CHIRP Maritime hebt in einem neuen Beitrag wichtige Lehren aus einem Vorfall in den Polargewässern hervor, bei dem auf der Brücke eine Störung im Bridge Resource Management-System (BRM) auftrat, was zu einem Rückgang der Lagebewusstheit bei sich rasch ändernden Eisbedingungen führte.
Nach der Schilderung verließ das Expeditionsschiff nach Abschluss der täglichen Routinearbeiten ein offenes Gewässer durch ein Gebiet mit einer Eisdichte von 6–7/10, in dem Gletschereis, Bergschollen und Eisberge vorhanden waren.
Was auf der Brücke geschah
Auf der Brücke befanden sich der Kapitän, der das Schiff führte, und der Erste Offizier, der über ein Navigationssystem mit Sensordaten (einschließlich GPS und Echolot) ein dreidimensionales Bodenmodell in Echtzeit erstellte.
Der Wachoffizier (OOW) war ebenfalls eingebunden. Wichtig ist, dass es seine erste Fahrt in Polargewässern war, während der Kapitän und der Erste Offizier Erfahrung im Eisbetrieb hatten.
Es gab keinen fest zugewiesenen Ausguck auf der Brücke: Der eingeteilte Beobachter befand sich zu diesem Zeitpunkt auf dem Vorschiff und war mit dem Betrieb der Expeditionsboote beschäftigt.
Schlüsselfaktoren des Vorfalls
- Das Schiff folgte nicht dem zuvor ausgearbeiteten Fahrplan.
- Ein stabiler Kurs und ein Ausweichplan für den Fall einer Verschlechterung der Eislage waren im Voraus nicht abgestimmt.
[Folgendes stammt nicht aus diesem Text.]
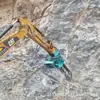 Excavadora Personalizada Máquina Zanjadora Doble Cadena Máquina Zanjadora Multifunción Ranuradora de Piedra para Bordes de Carretera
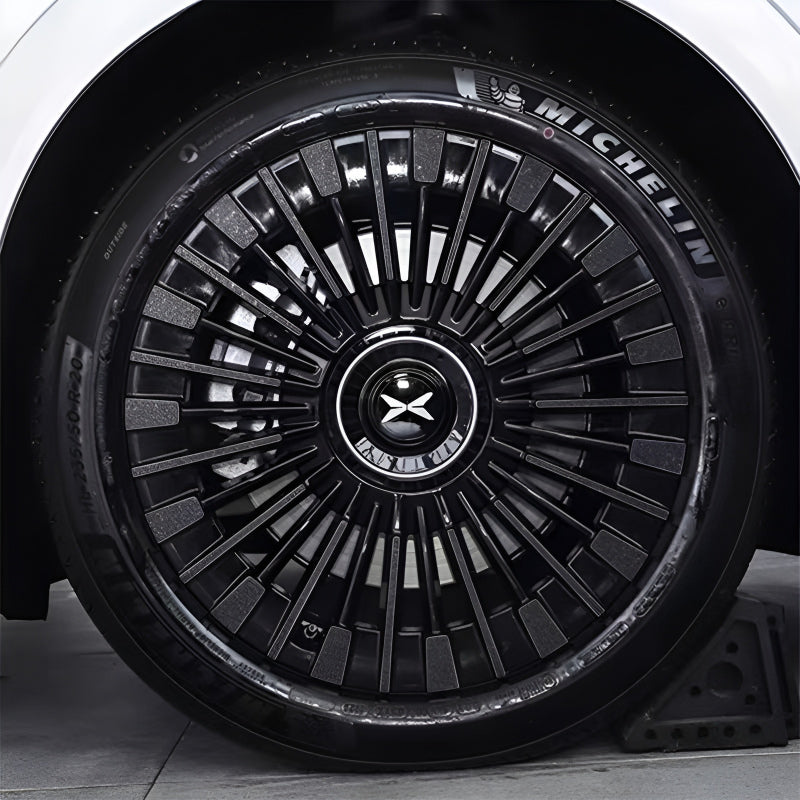 XPeng X9 Hubcap Sticker Blackout Modification
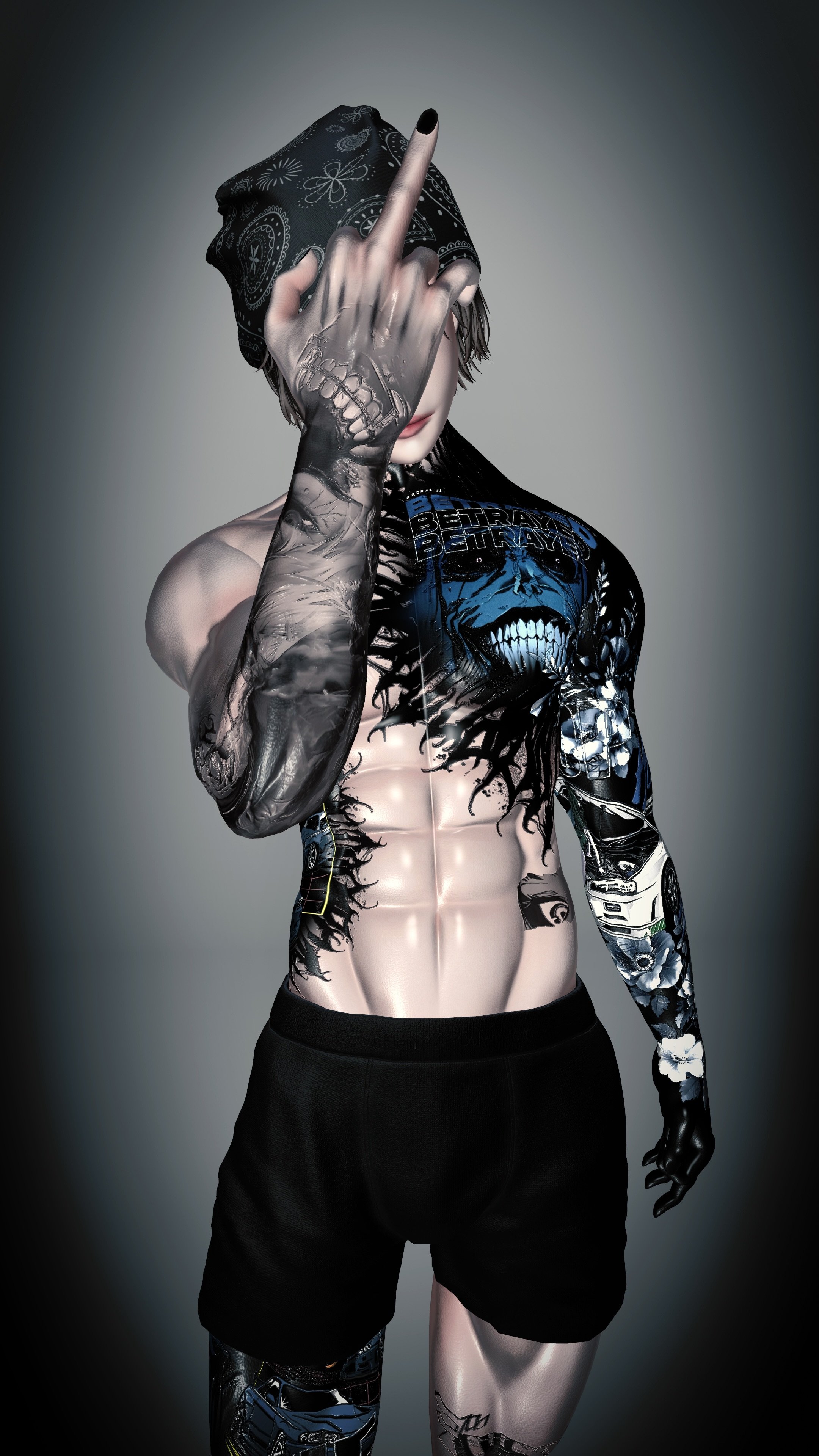 4K BETRAY MALE TEXTURE - AKI, EXO, ACE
- Mit zunehmender Eisdichte wurden freie Durchfahrten geringer, und die Zeitbeurteilungen erfolgten unter wachsendem Zeitdruck.
- Der Kapitän holte während der Manöverungen die Meinungen der Mannschaft zu einem sicheren Verlauf ein.
- Der Erste Offizier stützte sich im Wesentlichen auf einen elektronischen Track, der auf der früheren Route eines anderen Schiffes basierte, und drängte darauf, dieser weiterzufolgen.
- In diesem Track wurden einzelne Eisberge nicht erfasst, die in der Lagenbeurteilung nicht berücksichtigt worden waren.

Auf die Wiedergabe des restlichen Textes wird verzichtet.